Okay, hold the phone! First off, I did not know the F# language could write compilers. I'll forgive this as poetic use of language. I guess I sort of know what he meant to say. More interesting is that we have gone from 3.7 times to "orders of magnitude". Now, I don't take anything away from the brilliant folks at Microsoft, but the equally brilliant folks at Wolfram have been focusing exclusively on mathematics software for 20 years and you might think they learned a thing or two about computational speed!

Here is the example from the book...

First, he uses Mathematica to integrate a function.


(-2*ArcTan[1 - Sqrt[2]*Sqrt[Tan[x]]] +
2*ArcTan[1 + Sqrt[2]*Sqrt[Tan[x]]] +
Log[-1 + Sqrt[2]*Sqrt[Tan[x]] - Tan[x]] -
Log[1 + Sqrt[2]*Sqrt[Tan[x]] + Tan[x]])/(2*Sqrt[2])

He then goes to show that Mathematica takes 26 secondsto evaluate this function in loop for 360,000 iterations.

He then shows a translator that converts the Mathematica to F# and the F# code does the same work in 7.595 seconds.

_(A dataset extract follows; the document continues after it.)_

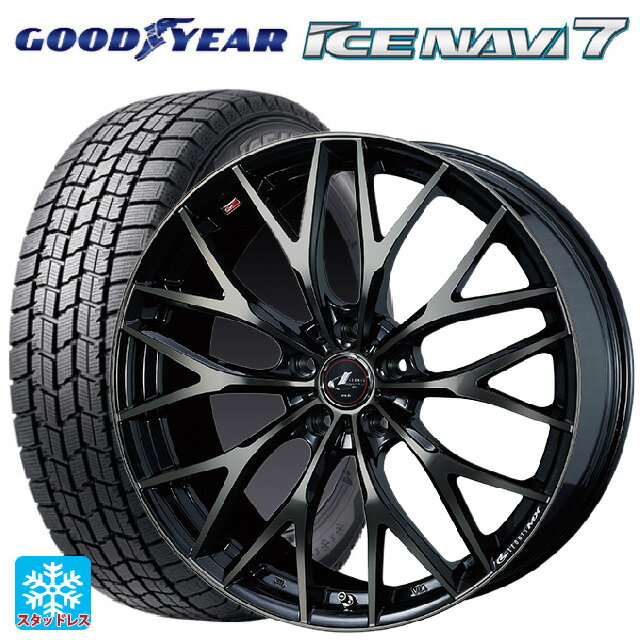 【6/15〜16限定 全品P5倍＆クーポン】215/45R17 87Q グッドイヤー アイスナビ7(数量限定) # ウェッズ レオニス MX PBMC/TI 17-7J 国産車用 スタッドレスタイヤホイール4本セット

So far Dr. Harrop is correct but like some many others who are in a rush to show their new favorite language superior to another's, he forgets to read the manual! Particularly, the section on optimization! If he had he would have found a handy little Mathematica function called Compile. Hmm, sounds promising. And in fact....

cf = Compile[{{x, _Complex}}, Evaluate[Integrate[Sqrt[Tan[x]],x]]]
Timing[Do[cf[x + y I],{x,-3.0,3.0,0.01},{y,-3.0,3.0,0.01}]]


That's 5.281 seconds on my relatively underpowered laptop (Thinkpad X60) !

Some might feel I'm being a bit harsh on Dr. Harrop but after all he made me layout bucks for a book that promised me "many familiar benefits" only to deliver 5 measly pages of half truth. F# programmers may benefit from Mathematica but the jury is still out as to whether the reverse is true.


Flying Frog Consultancy Ltd. said...

The F# code that you refer to in my book illustrates the basic process of interoperating with Mathematica to get the symbolic result of an integral that may then be manipulated in F#. The example given is evaluation of the symbolic expression. The power of this approach stems from Mathematica's concept of "everything is an expression", allowing the same process to be used to handle graphics and even sound.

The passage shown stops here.